§ TASK STATEMENT
The lines to retype are the one with "BRINGING DOWN THE SKY by Steven B. Harvey" and all that follow it to the end of the entries below; copy them exactly and nothing else.

§ ENTRIES SHOWN
____________________

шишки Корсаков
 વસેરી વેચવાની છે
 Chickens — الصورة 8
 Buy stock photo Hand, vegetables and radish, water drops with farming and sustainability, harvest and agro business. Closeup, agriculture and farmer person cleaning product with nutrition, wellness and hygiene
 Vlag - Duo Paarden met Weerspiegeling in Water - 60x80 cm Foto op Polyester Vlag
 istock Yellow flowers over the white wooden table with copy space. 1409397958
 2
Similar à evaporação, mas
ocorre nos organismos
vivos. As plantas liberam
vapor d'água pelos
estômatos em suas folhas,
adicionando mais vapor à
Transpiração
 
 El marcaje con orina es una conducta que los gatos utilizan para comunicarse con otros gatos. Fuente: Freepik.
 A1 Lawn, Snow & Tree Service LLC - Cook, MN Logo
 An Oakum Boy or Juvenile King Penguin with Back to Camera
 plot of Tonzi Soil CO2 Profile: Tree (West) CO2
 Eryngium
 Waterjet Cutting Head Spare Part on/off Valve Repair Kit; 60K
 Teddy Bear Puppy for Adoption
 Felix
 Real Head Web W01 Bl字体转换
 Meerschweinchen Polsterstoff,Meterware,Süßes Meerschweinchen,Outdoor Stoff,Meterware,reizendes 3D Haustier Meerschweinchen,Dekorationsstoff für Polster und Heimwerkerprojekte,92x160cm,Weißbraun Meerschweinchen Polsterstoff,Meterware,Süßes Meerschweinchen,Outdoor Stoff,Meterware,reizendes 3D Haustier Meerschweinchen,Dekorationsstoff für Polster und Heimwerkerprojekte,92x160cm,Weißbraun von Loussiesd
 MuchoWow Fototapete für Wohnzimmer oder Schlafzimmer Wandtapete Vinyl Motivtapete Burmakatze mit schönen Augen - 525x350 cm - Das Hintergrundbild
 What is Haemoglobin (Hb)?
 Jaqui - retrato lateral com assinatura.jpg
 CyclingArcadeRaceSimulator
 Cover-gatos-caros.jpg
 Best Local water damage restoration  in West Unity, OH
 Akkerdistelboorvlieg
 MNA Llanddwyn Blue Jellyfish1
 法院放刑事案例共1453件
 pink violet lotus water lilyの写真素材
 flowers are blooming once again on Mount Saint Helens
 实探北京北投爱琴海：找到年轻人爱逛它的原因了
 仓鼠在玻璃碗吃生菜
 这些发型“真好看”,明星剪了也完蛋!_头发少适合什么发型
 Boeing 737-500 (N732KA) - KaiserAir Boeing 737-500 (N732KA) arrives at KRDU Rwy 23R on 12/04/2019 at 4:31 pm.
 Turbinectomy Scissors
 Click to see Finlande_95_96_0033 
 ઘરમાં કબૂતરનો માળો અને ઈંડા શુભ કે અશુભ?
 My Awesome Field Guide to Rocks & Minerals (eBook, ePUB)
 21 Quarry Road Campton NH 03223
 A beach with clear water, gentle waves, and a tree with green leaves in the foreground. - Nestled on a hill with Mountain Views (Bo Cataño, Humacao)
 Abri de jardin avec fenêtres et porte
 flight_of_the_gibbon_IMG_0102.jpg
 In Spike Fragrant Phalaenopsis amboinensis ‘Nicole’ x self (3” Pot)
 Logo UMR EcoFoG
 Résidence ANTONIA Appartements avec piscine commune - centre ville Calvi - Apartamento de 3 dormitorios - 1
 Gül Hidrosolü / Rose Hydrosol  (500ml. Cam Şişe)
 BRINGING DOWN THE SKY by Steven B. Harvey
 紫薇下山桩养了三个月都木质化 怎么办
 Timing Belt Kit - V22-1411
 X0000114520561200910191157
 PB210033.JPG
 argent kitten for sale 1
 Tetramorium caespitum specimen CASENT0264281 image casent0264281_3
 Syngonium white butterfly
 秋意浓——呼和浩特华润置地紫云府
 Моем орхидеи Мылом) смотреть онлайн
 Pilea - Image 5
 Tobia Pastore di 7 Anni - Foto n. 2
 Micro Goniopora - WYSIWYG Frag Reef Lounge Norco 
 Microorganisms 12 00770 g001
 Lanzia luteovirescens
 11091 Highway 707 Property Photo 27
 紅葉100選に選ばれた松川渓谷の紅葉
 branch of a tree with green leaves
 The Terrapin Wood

____________________

§ RESPONSE BELOW
 BRINGING DOWN THE SKY by Steven B. Harvey
 紫薇下山桩养了三个月都木质化 怎么办
 Timing Belt Kit - V22-1411
 X0000114520561200910191157
 PB210033.JPG
 argent kitten for sale 1
 Tetramorium caespitum specimen CASENT0264281 image casent0264281_3
 Syngonium white butterfly
 秋意浓——呼和浩特华润置地紫云府
 Моем орхидеи Мылом) смотреть онлайн
 Pilea - Image 5
 Tobia Pastore di 7 Anni - Foto n. 2
 Micro Goniopora - WYSIWYG Frag Reef Lounge Norco 
 Microorganisms 12 00770 g001
 Lanzia luteovirescens
 11091 Highway 707 Property Photo 27
 紅葉100選に選ばれた松川渓谷の紅葉
 branch of a tree with green leaves
 The Terrapin Wood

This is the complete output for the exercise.